> _Directions_: Among the entries below, one stretch runs from the line that contains "4/20/3012 episode artwork" through the line that contains "Infinity Audio Seminyak". Repeat that stretch exactly, ends included, and only that.
START Data for processing
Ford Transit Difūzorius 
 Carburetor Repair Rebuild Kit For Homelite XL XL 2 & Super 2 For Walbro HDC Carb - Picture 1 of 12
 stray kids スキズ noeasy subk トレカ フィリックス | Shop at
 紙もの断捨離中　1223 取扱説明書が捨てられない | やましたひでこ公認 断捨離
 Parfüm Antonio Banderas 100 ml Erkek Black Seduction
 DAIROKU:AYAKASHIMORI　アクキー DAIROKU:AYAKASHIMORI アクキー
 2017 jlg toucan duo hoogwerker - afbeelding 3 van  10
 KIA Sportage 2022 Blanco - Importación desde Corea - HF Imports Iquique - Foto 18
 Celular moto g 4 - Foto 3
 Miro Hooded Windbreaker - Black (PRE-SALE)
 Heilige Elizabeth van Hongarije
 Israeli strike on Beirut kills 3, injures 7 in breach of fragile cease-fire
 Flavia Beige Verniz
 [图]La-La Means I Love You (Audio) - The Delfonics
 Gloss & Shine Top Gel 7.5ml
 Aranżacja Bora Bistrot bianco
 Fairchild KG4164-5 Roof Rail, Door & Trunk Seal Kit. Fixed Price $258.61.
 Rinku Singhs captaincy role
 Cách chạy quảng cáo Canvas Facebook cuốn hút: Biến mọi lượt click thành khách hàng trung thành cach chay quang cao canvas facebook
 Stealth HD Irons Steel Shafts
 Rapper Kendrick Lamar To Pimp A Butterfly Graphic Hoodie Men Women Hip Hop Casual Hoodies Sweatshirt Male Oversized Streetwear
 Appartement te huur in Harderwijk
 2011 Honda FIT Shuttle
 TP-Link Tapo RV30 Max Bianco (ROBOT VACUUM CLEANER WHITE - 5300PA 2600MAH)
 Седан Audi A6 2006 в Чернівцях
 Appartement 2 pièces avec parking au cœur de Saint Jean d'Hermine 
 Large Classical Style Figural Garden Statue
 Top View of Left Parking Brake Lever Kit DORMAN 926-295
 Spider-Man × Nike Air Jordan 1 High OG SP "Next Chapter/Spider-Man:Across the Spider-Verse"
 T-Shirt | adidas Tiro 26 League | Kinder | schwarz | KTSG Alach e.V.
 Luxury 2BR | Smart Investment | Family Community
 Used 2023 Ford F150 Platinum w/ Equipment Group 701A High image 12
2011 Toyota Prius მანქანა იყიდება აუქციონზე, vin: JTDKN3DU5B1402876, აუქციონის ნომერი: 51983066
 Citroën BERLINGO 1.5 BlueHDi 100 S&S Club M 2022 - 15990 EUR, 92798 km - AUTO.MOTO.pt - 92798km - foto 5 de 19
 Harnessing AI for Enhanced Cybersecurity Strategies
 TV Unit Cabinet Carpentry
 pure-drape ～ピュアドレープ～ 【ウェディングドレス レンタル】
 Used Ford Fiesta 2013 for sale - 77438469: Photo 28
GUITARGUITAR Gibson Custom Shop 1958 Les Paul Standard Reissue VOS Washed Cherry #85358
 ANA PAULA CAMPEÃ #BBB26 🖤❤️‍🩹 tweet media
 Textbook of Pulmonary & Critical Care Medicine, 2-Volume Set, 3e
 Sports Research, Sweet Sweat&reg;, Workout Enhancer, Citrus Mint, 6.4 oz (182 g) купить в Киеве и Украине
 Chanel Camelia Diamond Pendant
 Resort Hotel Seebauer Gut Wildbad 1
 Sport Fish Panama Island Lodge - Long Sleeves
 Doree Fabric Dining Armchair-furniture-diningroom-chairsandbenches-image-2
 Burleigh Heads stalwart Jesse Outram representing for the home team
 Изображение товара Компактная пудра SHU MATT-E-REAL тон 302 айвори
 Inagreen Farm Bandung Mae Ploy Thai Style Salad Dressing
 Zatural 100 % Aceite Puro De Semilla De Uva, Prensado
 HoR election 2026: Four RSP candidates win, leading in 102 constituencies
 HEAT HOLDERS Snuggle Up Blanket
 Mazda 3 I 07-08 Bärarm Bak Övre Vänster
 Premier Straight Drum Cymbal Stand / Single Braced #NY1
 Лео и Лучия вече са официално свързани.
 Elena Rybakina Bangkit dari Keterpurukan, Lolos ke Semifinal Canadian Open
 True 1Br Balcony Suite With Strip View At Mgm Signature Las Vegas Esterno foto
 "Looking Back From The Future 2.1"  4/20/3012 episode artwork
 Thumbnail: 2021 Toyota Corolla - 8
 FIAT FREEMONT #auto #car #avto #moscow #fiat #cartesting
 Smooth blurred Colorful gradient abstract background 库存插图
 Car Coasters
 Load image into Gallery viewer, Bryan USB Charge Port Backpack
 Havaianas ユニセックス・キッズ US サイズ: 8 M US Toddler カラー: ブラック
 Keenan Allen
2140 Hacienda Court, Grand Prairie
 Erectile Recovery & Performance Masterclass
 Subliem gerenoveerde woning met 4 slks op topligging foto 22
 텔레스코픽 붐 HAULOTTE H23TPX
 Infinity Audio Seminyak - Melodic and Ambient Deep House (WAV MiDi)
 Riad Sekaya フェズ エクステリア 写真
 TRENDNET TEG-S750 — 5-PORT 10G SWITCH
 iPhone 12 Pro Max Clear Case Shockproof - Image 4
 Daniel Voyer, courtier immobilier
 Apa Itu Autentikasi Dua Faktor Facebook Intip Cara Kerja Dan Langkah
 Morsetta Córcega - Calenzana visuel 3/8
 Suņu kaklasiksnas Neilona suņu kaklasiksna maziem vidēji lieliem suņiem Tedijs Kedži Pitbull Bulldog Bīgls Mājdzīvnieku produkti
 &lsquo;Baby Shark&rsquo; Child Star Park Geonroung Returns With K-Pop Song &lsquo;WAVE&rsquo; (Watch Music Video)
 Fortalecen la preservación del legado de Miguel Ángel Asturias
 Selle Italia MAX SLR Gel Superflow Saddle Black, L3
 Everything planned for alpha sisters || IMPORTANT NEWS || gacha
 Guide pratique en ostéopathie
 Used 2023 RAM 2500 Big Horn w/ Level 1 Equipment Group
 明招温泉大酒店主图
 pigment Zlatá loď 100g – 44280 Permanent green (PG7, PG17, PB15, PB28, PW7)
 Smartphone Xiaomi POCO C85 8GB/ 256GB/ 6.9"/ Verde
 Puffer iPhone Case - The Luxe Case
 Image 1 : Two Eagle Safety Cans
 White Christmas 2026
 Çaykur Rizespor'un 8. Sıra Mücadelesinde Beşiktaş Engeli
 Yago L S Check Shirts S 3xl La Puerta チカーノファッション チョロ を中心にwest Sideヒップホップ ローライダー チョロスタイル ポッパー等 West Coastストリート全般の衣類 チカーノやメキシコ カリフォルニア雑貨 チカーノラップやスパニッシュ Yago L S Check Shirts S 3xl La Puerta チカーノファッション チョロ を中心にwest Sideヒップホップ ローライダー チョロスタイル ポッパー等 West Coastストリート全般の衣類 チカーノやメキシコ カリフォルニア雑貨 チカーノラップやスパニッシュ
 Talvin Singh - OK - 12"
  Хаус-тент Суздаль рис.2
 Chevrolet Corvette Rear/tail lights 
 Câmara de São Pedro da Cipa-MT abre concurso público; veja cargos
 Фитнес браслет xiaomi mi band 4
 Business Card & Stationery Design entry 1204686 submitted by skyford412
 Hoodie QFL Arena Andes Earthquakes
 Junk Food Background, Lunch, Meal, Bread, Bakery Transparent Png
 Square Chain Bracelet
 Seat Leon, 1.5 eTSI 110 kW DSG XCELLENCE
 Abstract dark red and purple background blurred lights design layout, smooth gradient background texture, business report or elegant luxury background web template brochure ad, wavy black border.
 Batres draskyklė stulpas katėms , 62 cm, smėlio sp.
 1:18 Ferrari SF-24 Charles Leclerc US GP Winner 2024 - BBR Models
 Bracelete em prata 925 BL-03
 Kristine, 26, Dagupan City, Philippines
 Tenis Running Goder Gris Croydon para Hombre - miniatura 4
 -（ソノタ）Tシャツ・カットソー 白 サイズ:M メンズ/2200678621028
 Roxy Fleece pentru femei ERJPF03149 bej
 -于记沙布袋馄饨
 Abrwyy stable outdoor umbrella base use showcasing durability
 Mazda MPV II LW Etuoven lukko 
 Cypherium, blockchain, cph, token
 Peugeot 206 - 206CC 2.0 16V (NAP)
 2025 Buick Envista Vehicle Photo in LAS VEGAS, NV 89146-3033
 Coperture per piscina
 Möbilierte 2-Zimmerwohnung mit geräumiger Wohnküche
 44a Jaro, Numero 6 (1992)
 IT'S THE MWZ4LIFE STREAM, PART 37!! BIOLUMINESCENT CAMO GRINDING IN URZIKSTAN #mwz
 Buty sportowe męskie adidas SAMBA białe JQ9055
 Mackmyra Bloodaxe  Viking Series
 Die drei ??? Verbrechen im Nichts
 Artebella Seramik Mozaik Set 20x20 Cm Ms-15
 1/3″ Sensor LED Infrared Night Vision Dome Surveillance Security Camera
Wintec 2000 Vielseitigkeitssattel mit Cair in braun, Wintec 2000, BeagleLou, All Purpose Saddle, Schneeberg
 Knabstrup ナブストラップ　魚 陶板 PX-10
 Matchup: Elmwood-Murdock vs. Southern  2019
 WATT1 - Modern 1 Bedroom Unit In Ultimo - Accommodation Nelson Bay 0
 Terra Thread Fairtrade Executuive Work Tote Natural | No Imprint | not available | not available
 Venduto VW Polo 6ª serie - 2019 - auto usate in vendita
END Data for processing
> _Task result_:
 "Looking Back From The Future 2.1"  4/20/3012 episode artwork
 Thumbnail: 2021 Toyota Corolla - 8
 FIAT FREEMONT #auto #car #avto #moscow #fiat #cartesting
 Smooth blurred Colorful gradient abstract background 库存插图
 Car Coasters
 Load image into Gallery viewer, Bryan USB Charge Port Backpack
 Havaianas ユニセックス・キッズ US サイズ: 8 M US Toddler カラー: ブラック
 Keenan Allen
2140 Hacienda Court, Grand Prairie
 Erectile Recovery & Performance Masterclass
 Subliem gerenoveerde woning met 4 slks op topligging foto 22
 텔레스코픽 붐 HAULOTTE H23TPX
 Infinity Audio Seminyak - Melodic and Ambient Deep House (WAV MiDi)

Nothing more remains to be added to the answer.